= Billing Hall =

Billing Hall was a manor house in Billing, Northamptonshire, England. Records of the manor, the predecessor to Great Billing Hall, date back to the 12th century. It was originally owned by the Barry family and Baron Dundalk built it in 1629. It became the county seat of the Earls of Thomond, descendants of Brian Boru, King of Ireland in 1002. With the arrival of the Elwes family in 1779 the history of Great Billing became inextricably linked to them. Perhaps the Hall's most famous resident was Gervase Elwes, the English tenor, who died in a rail accident in Boston, Massachusetts, US, in 1921.

==Arrival of the Elwes family==
In the mid-1500s the religious ethos of Billing was changed for the next 300 years by the Reformation. The local Priory was dissolved and the churches became Anglican. The Cromwellian Revolution was strongly backed in this area and even following the restoration of the Monarchy a very strong Nonconformist element continued on. Slowly, any of traces Catholicism vanished and by 1800 they were confined to a few recusant families, itinerant workmen mostly from Ireland, served by a small number of discreet priests. This changed, however, with the arrival of the Elwes family. In 1779, Robert Cary Elwes, of Roxby, Lincolnshire bought Billing Hall, which by then had been rebuilt in the Palladian style by John Carr for the property's previous owner, Lord John Cavendish, in 1776. Close by the Hall, at Billing Lings, Elwes bred horses including two Derby winners, Mameluke in 1827 and Cossack in 1847. The estate was eventually taken over by his grandson Valentine Cary-Elwes who was received into the Catholic Church in France in 1874. Immediately he erected a chapel at the Hall and encouraged his estate employees to attend Mass there. His son, Dudley Cary-Elwes, subsequently 5th Bishop of Northampton 1921-1932, described how his father persuaded the Bishop to post a priest to the village. The former parish priest of Wolverton, Father (later Canon) Blackman, had just become available and was deemed ideal. He stayed as priest until 1907. The Elwes family at one time owned the whole of the village of Great Billing with the exception of one house and five cottages.

==Return to Catholicism==
With Cary-Elwes' assistance, Blackman introduced many villagers to the Catholic faith. Initially Mass was said in the Hall chapel, but this soon became too small, so a small church was built in a simple classical style. A Catholic primary school was also started in what is now the village hall, but this did not last beyond World War I.

==Music at the hall==
On Mr. Cary-Elwes' death, his son, Gervase Elwes, the famous tenor, took over the estate. Married to the Earl of Denbigh's daughter, Lady Winifride Feilding, and having a gregarious nature, he made the Hall and village both the centre of Catholic life and the musical focus for the area. Elwes was friends with many of the eminent musicians of the day including Ralph Vaughan Williams and Edward Elgar. He was Elgar's favourite Gerontius, singing this demanding role 118 times. He held many musical soirées at the Hall and famous musicians came from far and wide to attend. He and many members of his family, including his parents, his brother Bishop Dudley, and his son, Monsignor Valentine Elwes, who was parish priest of the village in the 1960s, are buried in the Catholic cemetery in the village. His second youngest daughter, Margaret, was buried there in 1997, aged 91 years. The Hall was sold in 1930 by Geoffrey Elwes and, a project for converting it into a home for indigent musicians in memory of Gervase Elwes having failed, it was sold again in 1935 to Mr. Hancock, a shoe-manufacturer of Northampton, and by him to Mr. J. P. B. Miller, who pulled down part of the Hall. In the village of Great Billing is a bronze memorial tablet to Gervase Elwes (d. 1921), the 'beloved squire' and famous singer.

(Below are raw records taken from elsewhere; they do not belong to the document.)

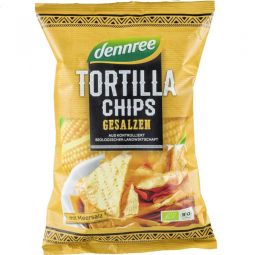 Chips tortilla sare eco 125g - DENNREE
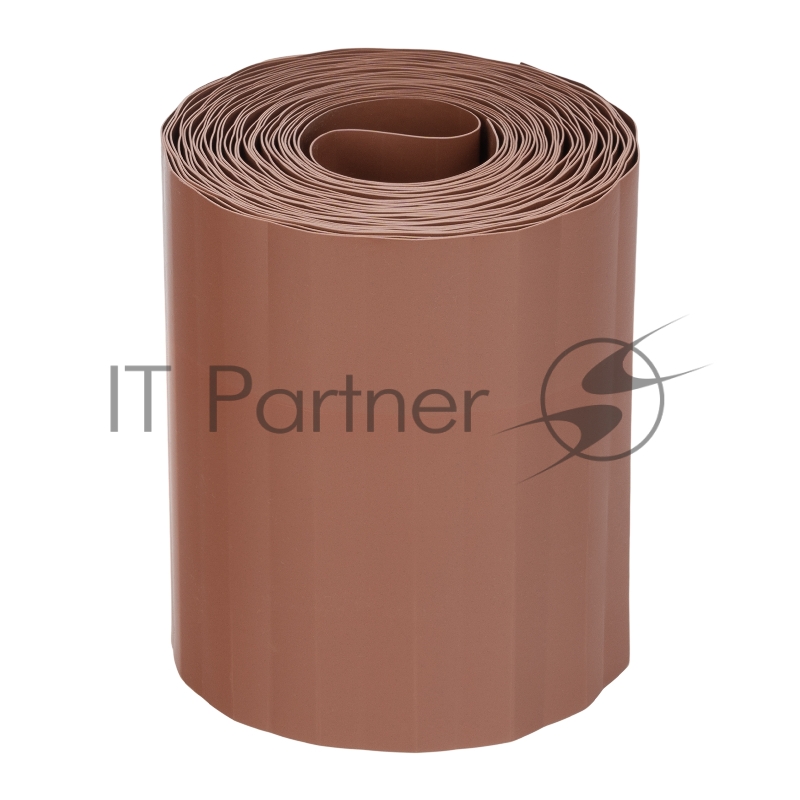 Бордюрная лента, 15х900 см, полипропиленовая, коричневая, Россия// Palisad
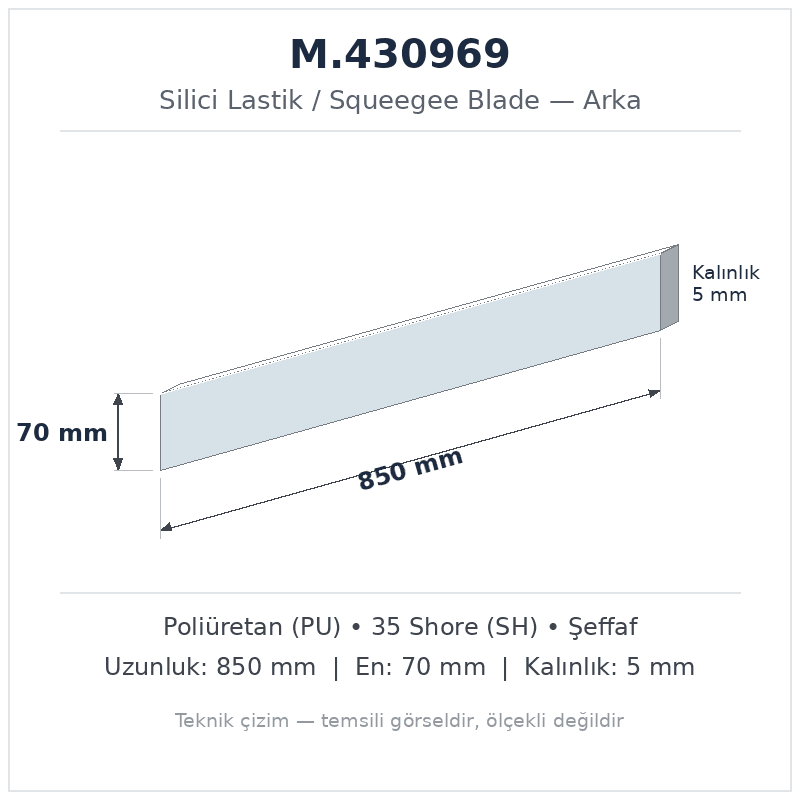 Silici Lastik M.430969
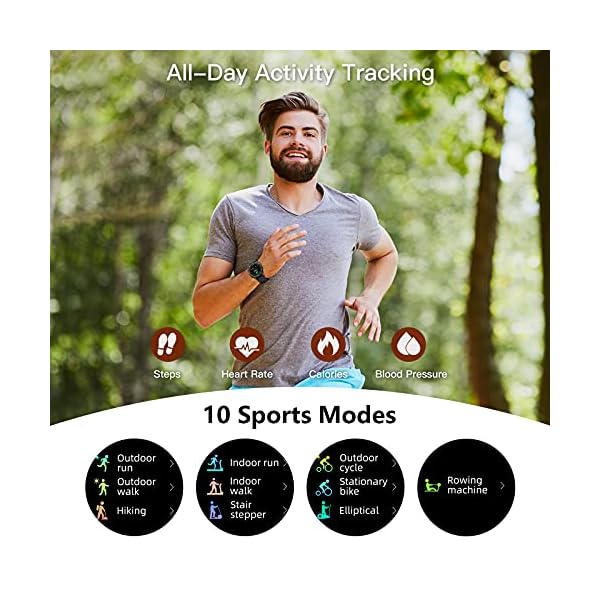 Bebinca GT2 Pro Smart Watch for Men (Make/Receive Call), SpO2/Real-time Heart Rate/Sleep Monitor/Voice Assistant Fitness Tracker, Built-in MP3 Player for iPhone Samsung Android Phone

Although Billing Hall was not converted into a home for musicians, Elwes' contribution to music, his interest in amateur music-making, professional musicians who had fallen on hard times, and innovation created by composers, singers and instrumentalists working together, led to the foundation, in 1921, of the Gervase Elwes Memorial Fund for Musicians which was incorporated in 1930 as the Musicians Benevolent Fund.

==Demolition==
For reasons unknown the Hall was demolished in 1956. What is now Great Billing Pocket Park occupies what was once part of the estate.